Even though the Lakota were promised the Black Hills in the 1868 Fort Laramie treaty, the government decided that the Indians needed to move onto other reservations and those who did not would be seen as hostile. The government didn’t feel bad for going back on their word because they felt as though the Lakota with their raids, anti-railroad attitude, and conflicts with other tribes did not follow the treaty rules. And with the discovery of gold a few years earlier meant a gold rush towards the Black hills and inevitably tension came along with the miners. Even though technically the miners had no right to be in the Black Hills, they came onto and through Lakota territory. So in 1876 the army sent out three commanders George Crook, Alfred Terry, and John Gibbon. They were set out to horde the hostile Indians and hopefully move them back to their assigned homeland. The battle of Rosebud on June 17 1876 was between Crooks troops and Lakota’s and their allies. The battle forced Crook to retreat, and left Terry and Gibbon’s forces by themselves. Custer who was determined to find the Indian village underestimated the size of it. He followed the Indian tracks until what he thought was a small village and ran right into the middle of 2000 Cheyenne, and Lakota warriors. Custer and his troops were quickly surrounded and as the battle is sometimes known Custer’s last stand, which is what he did. At the end of the Battle at the Bighorn lay 250 troops including Custer’s body. As a result in 1877 the Congress signs various laws to take land from the Sioux. In the end, the Sioux lose all there unseeded lands and forced to live on the western bank on the Missouri river.

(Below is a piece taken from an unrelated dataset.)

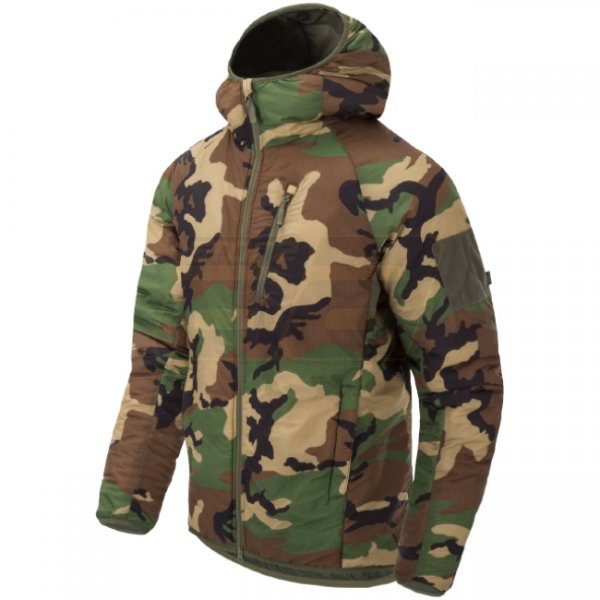 Helikon-Tex Wolfhound Climashield Hoodie - US Woodland - M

By the 1880’s the Sioux had lost almost all their land. And the different chiefs in the Sioux tribes were gradually losing their power over their tribes because of the government annuities. The govt. also made medicine man, sun dance, and Indian religions illegal. But a new religion was becoming popular around the 1880’s, the ghost dance which predicted that the whites would leave their lands and while performing it that they could not get hit by bullets. But this was not the case on December 29, 1890, when the U.S. 7th Calvary surrounded Big Foot’s encampment of Lakota. The soldiers ordered the Lakota to hand over any weapons. Some how a shot rang out and the medicine man started to perform the ghost dance but the soldiers saw it as a signal to attack and they started shooting into the camp. They had Hotchkiss guns that ripped into the warriors and innocent woman and children alike. In the aftermath, 153 Lakota lay dead and the Lakota managed to kill 25 soldiers. The battle at Wounded Knee is said to be the last battle in the Indian Wars.